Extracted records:
====

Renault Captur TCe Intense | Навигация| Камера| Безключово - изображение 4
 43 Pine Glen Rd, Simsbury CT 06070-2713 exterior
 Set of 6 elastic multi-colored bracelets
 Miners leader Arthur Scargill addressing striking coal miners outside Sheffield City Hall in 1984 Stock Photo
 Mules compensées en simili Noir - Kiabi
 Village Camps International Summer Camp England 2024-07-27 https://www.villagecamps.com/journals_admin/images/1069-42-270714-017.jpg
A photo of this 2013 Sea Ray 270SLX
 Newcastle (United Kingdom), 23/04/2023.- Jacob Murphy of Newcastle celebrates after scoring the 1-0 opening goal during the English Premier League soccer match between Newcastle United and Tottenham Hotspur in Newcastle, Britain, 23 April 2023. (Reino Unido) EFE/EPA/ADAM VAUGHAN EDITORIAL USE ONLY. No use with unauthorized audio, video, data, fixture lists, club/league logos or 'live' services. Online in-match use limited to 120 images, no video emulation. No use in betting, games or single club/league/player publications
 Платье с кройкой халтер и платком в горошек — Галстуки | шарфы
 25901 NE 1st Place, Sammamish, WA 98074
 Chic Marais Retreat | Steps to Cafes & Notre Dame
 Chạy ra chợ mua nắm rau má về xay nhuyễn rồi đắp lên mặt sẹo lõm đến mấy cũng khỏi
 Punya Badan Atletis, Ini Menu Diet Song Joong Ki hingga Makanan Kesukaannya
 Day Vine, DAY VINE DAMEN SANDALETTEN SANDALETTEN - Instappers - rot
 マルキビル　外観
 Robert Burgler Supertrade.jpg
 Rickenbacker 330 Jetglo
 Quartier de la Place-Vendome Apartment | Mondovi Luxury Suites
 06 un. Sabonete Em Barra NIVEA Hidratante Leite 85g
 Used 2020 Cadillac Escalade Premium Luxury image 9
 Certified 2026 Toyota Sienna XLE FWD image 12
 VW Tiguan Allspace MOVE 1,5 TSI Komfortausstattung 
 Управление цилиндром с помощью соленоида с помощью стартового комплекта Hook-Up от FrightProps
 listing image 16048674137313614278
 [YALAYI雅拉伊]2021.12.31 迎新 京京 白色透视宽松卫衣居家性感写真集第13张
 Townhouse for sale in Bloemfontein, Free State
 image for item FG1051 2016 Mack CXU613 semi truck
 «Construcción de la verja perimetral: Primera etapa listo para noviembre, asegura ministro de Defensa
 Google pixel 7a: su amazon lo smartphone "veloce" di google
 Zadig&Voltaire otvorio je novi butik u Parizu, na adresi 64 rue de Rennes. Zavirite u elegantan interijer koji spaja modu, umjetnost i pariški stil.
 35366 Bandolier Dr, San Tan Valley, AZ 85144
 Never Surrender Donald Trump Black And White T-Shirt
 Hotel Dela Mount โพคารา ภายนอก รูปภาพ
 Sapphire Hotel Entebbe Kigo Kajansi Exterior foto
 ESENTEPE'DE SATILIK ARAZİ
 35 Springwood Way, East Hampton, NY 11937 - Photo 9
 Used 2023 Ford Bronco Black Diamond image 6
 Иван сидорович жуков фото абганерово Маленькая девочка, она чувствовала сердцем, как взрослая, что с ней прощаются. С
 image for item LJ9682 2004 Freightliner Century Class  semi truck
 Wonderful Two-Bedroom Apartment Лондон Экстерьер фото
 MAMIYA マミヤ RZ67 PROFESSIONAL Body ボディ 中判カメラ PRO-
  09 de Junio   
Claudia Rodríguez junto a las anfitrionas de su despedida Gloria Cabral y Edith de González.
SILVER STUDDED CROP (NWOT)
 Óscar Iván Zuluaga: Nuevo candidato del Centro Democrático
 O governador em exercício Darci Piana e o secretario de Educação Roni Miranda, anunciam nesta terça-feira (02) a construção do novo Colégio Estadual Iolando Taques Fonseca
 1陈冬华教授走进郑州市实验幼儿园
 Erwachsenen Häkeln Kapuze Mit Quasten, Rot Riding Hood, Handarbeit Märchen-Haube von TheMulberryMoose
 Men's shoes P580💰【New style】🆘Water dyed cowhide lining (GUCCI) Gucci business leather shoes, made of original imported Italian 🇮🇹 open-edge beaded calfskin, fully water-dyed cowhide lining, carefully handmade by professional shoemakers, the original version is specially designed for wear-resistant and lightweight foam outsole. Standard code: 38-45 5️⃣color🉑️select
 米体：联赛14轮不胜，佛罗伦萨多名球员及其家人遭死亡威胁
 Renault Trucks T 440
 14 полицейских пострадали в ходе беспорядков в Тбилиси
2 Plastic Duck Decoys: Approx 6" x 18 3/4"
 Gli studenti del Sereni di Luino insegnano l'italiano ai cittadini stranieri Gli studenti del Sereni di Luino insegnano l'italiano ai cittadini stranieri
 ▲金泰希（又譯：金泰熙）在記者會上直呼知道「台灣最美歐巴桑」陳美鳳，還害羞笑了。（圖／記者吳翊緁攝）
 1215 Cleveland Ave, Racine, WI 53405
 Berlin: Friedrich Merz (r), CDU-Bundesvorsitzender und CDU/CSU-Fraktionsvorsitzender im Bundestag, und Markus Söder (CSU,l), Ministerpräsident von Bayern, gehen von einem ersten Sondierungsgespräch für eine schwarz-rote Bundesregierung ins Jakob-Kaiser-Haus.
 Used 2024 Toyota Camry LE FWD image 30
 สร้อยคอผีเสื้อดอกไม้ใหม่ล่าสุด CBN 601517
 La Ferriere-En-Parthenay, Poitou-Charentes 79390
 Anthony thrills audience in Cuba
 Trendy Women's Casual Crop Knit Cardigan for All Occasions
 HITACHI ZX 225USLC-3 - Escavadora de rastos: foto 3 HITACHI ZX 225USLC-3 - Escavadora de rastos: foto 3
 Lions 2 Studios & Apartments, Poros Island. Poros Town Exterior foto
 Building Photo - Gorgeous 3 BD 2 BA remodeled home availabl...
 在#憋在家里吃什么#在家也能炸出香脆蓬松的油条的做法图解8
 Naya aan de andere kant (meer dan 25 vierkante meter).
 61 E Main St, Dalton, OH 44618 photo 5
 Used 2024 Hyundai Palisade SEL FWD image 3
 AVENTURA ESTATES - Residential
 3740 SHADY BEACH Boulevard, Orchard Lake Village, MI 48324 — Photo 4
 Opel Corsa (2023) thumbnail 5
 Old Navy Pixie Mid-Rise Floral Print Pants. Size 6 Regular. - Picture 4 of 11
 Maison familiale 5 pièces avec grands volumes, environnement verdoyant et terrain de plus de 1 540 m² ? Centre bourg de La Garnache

====

ASSIGNED TASK
A complete answer lists each line of the data that holds the word "foto".

SOLUTION TO THIS PROBLEM
 Sapphire Hotel Entebbe Kigo Kajansi Exterior foto
 HITACHI ZX 225USLC-3 - Escavadora de rastos: foto 3 HITACHI ZX 225USLC-3 - Escavadora de rastos: foto 3
 Lions 2 Studios & Apartments, Poros Island. Poros Town Exterior foto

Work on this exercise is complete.